The closing credits of National Treasure (Channel 4, Tuesday) contain the usual disclaimer that any resemblance between its characters and real people is merely coincidental. Well, coincidental maybe, but also entirely inevitable — because this is a drama based on Operation Yewtree.
With its choice of subject matter, a cast including Robbie Coltrane and Julie Walters and a script by Jack Thorne (author of the all-conquering Harry Potter and the Cursed Child), the series is clearly intended as an Important Piece of Television. Yet, partly for that reason, it’s so far proving a rather careful one. Nobody who watched the first episode could accuse it of sensationalism. They might, however, wonder if it occasionally crossed the line dividing the confidently slow-paced from the slightly plodding.
Coltrane plays Paul Finchley, once part of a much-loved double act, these days hosting an afternoon quiz on Channel 4. We first saw Paul backstage at a showbiz event where he was old-school enough to smoke a fag before presenting a Lifetime Achievement Award to his former partner. (Incidentally, the party scene afterwards confirmed that Frank Skinner, while definitely a brilliant comedian, can’t even act well enough to play himself convincingly.)

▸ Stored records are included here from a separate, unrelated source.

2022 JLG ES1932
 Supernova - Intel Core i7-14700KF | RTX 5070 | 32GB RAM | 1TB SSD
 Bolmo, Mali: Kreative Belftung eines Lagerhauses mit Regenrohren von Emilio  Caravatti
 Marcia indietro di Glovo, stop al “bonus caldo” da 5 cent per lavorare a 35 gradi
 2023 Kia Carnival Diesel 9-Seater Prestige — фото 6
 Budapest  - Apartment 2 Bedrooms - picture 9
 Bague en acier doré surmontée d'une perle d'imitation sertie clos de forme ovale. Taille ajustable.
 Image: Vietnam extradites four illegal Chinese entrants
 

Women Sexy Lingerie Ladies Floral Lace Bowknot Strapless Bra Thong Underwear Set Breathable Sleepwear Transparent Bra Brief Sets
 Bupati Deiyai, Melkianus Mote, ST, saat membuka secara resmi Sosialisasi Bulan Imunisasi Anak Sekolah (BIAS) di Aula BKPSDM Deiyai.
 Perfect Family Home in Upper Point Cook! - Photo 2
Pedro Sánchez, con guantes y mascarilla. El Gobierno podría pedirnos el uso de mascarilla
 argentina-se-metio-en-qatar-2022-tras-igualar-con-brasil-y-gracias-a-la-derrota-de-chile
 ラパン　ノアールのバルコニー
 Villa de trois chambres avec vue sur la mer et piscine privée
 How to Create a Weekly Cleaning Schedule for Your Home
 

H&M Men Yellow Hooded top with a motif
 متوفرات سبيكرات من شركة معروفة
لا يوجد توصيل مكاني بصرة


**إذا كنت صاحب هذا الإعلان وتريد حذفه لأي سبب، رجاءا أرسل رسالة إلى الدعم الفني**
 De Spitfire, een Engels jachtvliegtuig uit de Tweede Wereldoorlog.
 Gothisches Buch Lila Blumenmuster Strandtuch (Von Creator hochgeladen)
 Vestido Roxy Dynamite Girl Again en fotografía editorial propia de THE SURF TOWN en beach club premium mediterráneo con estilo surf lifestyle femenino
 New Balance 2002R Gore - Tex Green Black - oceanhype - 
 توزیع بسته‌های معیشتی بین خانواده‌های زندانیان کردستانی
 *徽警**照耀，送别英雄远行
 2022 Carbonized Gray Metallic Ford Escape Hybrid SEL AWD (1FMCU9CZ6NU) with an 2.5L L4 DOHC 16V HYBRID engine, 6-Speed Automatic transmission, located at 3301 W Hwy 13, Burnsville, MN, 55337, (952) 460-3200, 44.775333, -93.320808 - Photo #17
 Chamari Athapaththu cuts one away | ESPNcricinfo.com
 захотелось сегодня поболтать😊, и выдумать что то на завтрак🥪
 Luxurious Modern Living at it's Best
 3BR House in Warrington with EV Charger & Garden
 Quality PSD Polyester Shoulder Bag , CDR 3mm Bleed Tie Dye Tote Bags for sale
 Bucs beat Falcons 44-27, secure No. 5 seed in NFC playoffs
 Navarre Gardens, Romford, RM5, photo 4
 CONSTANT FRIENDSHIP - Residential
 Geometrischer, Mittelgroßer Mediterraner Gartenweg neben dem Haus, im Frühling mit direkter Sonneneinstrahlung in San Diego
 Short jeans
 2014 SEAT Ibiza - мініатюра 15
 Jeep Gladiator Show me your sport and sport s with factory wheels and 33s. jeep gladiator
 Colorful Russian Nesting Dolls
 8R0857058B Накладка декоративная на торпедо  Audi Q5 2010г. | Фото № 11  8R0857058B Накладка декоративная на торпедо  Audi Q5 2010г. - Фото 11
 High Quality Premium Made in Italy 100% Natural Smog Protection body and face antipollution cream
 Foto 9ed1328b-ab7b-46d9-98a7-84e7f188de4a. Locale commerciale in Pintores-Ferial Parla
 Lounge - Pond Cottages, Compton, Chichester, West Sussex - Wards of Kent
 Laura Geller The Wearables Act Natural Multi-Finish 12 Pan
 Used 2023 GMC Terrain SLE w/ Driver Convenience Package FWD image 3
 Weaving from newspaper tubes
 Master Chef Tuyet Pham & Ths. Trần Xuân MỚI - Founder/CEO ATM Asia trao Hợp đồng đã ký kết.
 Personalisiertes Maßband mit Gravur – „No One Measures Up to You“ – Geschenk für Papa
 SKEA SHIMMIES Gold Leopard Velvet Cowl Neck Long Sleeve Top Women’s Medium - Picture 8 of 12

Back home, Paul’s anxiety about being past his sell-by date caused him to ask his wife Marie (Walters), ‘At what point do comics stop being funny and start being sweet?’ But, as it turned out, his immediate fate was far worse than that. The following morning, after he’d spent an apparently routine night watching porn and was having breakfast with his grandchildren, the police arrived to explain that he’d been accused of a rape from 1993. Down at the station, the investigating officer interrogated him in some detail about his sex life — having first assured him what a huge fan she was.